High school trends

Anonymous
Your DD will know after just a few days. Maybe best to hold off shopping till then - or most shopping.
Anonymous
For the haters on this thread, i remember my first few weeks of HS. I attended a fairly casual (though fairly affluent) MS and we split into two HS. Most of my friends attended one and I ended up at the other. The latter HS was much more middle class, yet a lot more formal dress. Most girls wore dress pants, etc. Even some of the guys. And every girl carried a purse. Okay, that last comment is fairly dramatic, but I trust I am making my point. Took me a while to acclimate - I was part of the "popular" group in MS and wanted to be part of the same in HS. By senior year, I finally had enough of hanging with the popular folks, ditched the dress clothes, and went bohemian. While my mom was not particularly fashionable, I appreciated that she was open-minded about my dress dramas - she didn't cater or indulge, but she didn't resist me trying to figure out who I wanted to be along the way.

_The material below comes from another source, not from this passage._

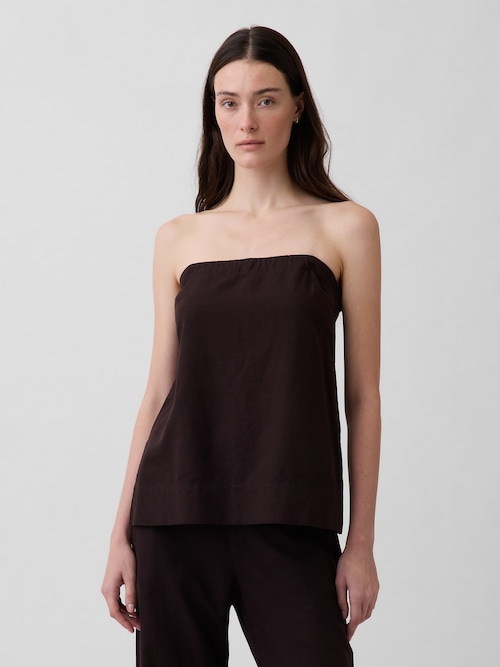 リネンブレンド キャミソール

OP, good luck to your daughter and best to you on this transition.
Anonymous
Anonymous wrote:
Anonymous wrote:
Anonymous wrote:And, if they have any integrity, they roll their eyes and take pride in not needing to look rich to be popular.

OP, does your DD care about this, or just you?


NP. I do not agree with what you are implying here. You have said that people who care about finding out what the typical/appropriate/preferred mode of dress is for a particular environment have no integrity. I think this is a ridiculous and hurtful statement to make about someone's children on the basis of such limited information -- I do not think one is evidence or proof of the other.

When moving to a new city, or interviewing for a job, or starting a new position, did you honestly never once ask a friend in the area/company what they "typical" dress was like? That's pretty much the adult equivalent of what this poster is attempting to do for her DD.

I don't think it's necessarily about trying to look "rich", I think it's about trying to look "appropriate", and I fail to see how that is a sign that the person conducting such fact-finding, or the person on whose behalf it is being conducted, lacks integrity.

Please enlighten me, and I do mean that sincerely, on why you think this. I have often encouraged and assisted my girls to learn about and at least consider what constitutes typical dress for their various social circles and activities, but if doing this is somehow harmful to their moral development or to the public perception of their moral development I would genuinely like to know why so I can consider changing my stance.




NP here and all I can say is if my mother had worried about what brands and labels other kids were wearing and whether I was equipped with the right products to make me popular, I think I'd have turned into a neurotic mess. OP didn't ask about appropriate stuff, she asked what was "in."

Her daughter is a teenager. Can't she figure this all out for herself like other teenagers do, by looking at magazines and websites and hanging out at the mall or movie theaters or wherever it is that kids go? If she shows up on the first day of class wearing jeans and sees that all the other girls are wearing maxi-dresses and she likes that, well she can always go out and get one. If she likes to wear makeup but notices the other girls do not and it makes her uncomfortable she can go easier on it the next day. Or she can decide to be herself and do whatever pleases her.

I personally find it strange that a parent would be looking into what was in for a teenager. But then again, my parents taught us to concern ourselves primarily with our character and mind and discouraged us from following the crowd.



Spoken like someone who has never been bullied for her clothes.
Anonymous
Yeah as someone who was bullied because of my out of style, hand me down and homemade clothes, this mom sounds really great to me. I'm glad you never has to deal with that, but you should recognize that some people do and it really could be fairly easily avoided.